David Isbitski Aug 24, 2016
Share:
Tips & Tools Tutorial Promote
Blog_Header_Post_Img
intro to streaming with alexa image

Before today, the Alexa Skills Kit enabled short audio via SSML audio tags on your skill responses. Today we are excited to announce that we have now added streaming audio support for Alexa skills including playback controls. This means you can easily create skills that playback audio content like podcasts, news stories, and live streams.

New AudioPlayer and PlaybackController interfaces provide directives and requests for streaming audio and monitoring playback progression. With this new feature, your skill can send audio directives to start and stop the playback. The Alexa service can provide your skill with information about the audio playback’s state, such as when the track is nearly finished, or when playback starts and stops.
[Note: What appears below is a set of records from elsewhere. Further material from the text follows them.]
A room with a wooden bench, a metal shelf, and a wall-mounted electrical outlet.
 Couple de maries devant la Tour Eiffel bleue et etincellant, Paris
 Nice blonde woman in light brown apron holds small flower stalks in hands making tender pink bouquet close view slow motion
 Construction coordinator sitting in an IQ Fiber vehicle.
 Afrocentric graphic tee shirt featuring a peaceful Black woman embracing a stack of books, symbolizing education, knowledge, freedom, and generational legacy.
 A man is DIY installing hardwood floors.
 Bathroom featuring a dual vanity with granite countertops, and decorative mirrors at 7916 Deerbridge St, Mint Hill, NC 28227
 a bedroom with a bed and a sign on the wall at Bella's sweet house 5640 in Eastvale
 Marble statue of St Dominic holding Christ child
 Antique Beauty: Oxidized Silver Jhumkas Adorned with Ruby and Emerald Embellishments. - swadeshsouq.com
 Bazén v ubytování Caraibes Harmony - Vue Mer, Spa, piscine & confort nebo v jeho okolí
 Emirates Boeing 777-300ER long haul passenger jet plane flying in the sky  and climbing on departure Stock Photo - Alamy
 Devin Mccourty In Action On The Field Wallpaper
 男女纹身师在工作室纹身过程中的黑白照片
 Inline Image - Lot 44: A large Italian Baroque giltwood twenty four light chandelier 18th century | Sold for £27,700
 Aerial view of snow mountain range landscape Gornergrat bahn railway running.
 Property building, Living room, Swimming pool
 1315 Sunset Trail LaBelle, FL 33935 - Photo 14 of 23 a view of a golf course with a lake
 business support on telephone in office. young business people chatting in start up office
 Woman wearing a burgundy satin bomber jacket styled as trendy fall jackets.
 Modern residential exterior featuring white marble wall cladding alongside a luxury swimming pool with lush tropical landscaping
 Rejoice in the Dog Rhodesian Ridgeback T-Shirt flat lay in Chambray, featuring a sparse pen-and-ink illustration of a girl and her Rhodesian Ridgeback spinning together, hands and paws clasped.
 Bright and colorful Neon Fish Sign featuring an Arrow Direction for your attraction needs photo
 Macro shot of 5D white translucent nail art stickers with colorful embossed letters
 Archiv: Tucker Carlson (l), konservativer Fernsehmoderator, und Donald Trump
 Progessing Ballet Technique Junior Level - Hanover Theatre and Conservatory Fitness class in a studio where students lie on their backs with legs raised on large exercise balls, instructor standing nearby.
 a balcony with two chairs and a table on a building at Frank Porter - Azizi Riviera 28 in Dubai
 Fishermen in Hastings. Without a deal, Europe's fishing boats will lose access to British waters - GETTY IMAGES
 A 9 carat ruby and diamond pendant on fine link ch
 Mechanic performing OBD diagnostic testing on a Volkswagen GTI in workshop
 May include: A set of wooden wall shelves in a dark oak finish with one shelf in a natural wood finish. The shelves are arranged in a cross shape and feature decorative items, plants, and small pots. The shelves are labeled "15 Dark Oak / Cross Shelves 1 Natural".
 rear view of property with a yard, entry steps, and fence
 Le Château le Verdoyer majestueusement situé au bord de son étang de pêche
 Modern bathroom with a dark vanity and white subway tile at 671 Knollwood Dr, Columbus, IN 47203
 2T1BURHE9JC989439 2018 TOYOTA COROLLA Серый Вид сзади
Alexa can also now send requests in response to hardware buttons, such as those on a remote control.

Enabling Audio Playback Support in Your Skill

To enable audio playback support in your skill you simply need to turn the Audio Player functionality on and handle the new audio Intents. Navigate to the Alexa developer portal and do the following:

  • On the Skill Information page in the developer portal, set the Audio Player option to Yes.
     
  • Include the required built-in intents for pausing and resuming audio in your intent schema and implement them in some way:
    • AMAZON.PauseIntent
    • AMAZON.ResumeIntent
       
  • Call the AudioPlayer.Play Directive from one of your Intents to start the Audio Playback
     
  • Handle AudioPlayer and PlaybackController Requests and optionally respond

In addition to the required built-in intents, your skill should gracefully handle the following additional built-in intents:
 

  • AMAZON.CancelIntent
  • AMAZON.LoopOffIntent
  • AMAZON.LoopOnIntent
  • AMAZON.NextIntent
  • AMAZON.PreviousIntent
  • AMAZON.RepeatIntent
  • AMAZON.ShuffleOffIntent
  • AMAZON.ShuffleOnIntent
  • AMAZON.StartOverIntent

Note: Users can invoke these built-in intents without using your skill’s invocation name. For example, while in a podcast skill you create, a user could say “Alexa Next” and your skill would play the next episode.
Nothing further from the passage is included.